Data extract: Begin

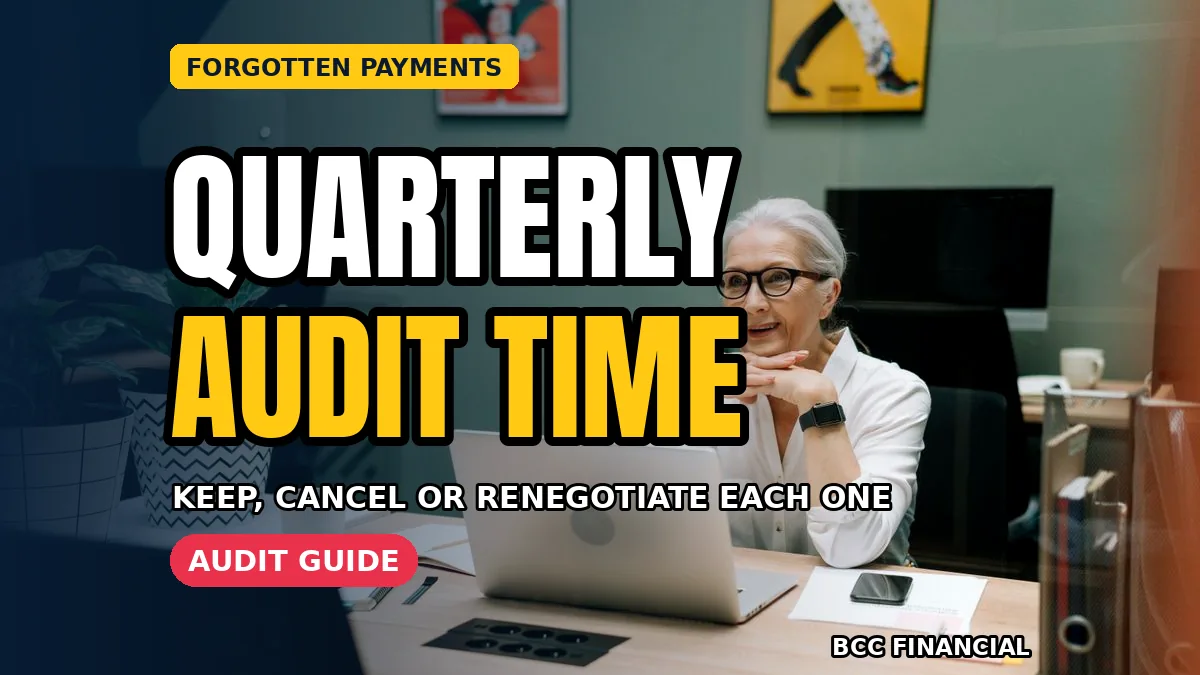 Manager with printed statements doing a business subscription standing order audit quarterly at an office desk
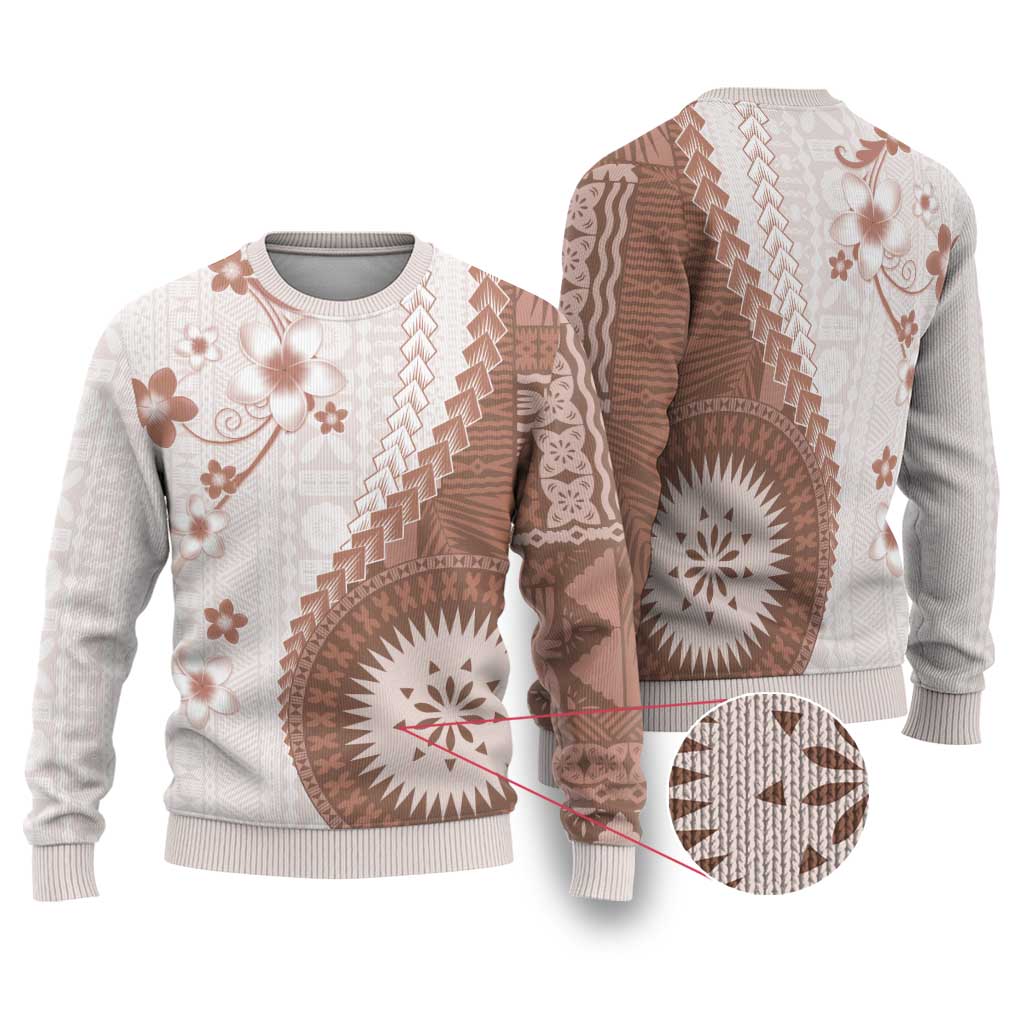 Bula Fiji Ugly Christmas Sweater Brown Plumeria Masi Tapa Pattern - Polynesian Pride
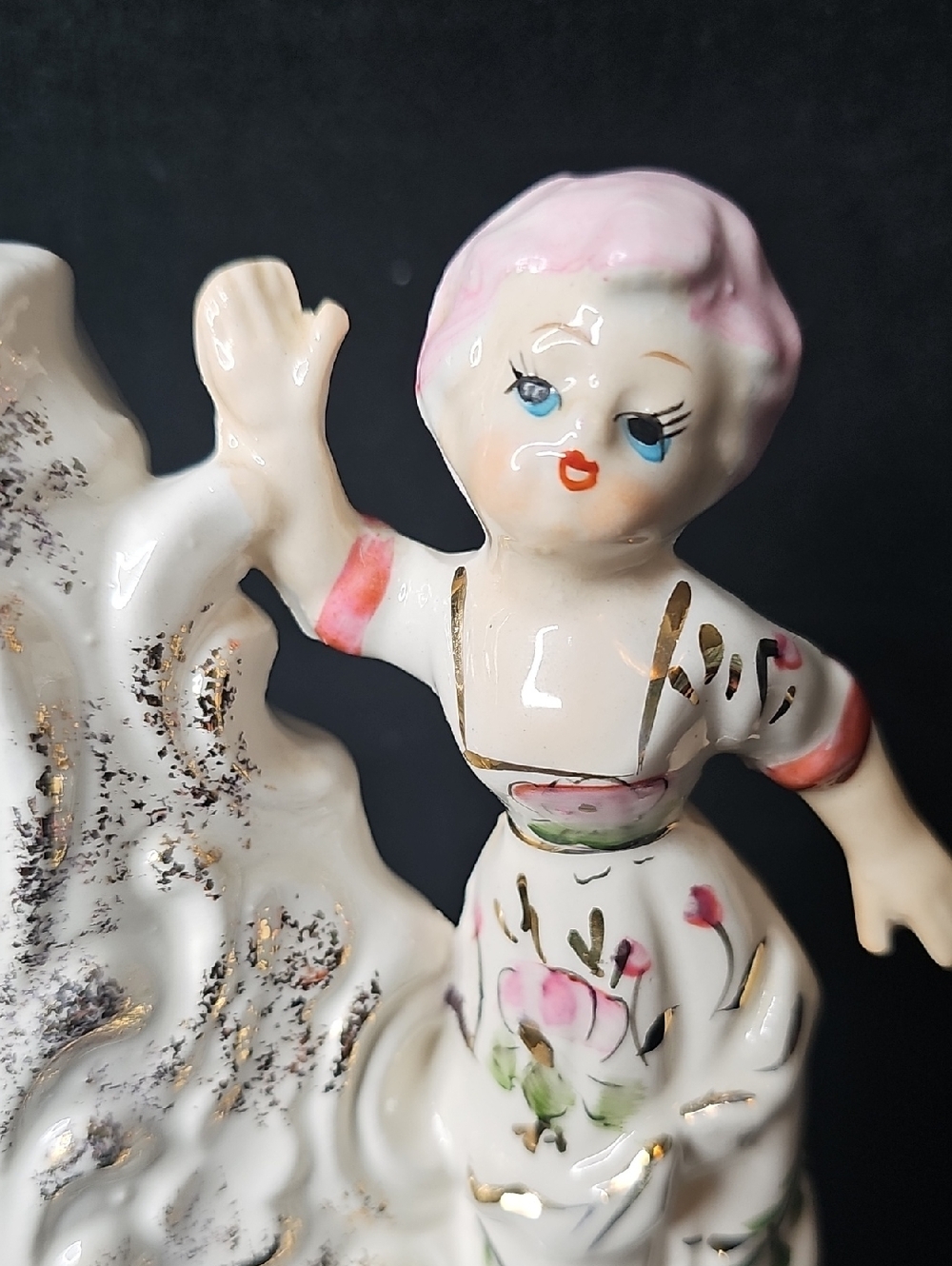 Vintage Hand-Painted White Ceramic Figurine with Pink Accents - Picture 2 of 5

Data extract: End

Repeat every line above precisely; pictures do not belong in the copy.

## [Worked solution]
 Manager with printed statements doing a business subscription standing order audit quarterly at an office desk
 Bula Fiji Ugly Christmas Sweater Brown Plumeria Masi Tapa Pattern - Polynesian Pride
 Vintage Hand-Painted White Ceramic Figurine with Pink Accents - Picture 2 of 5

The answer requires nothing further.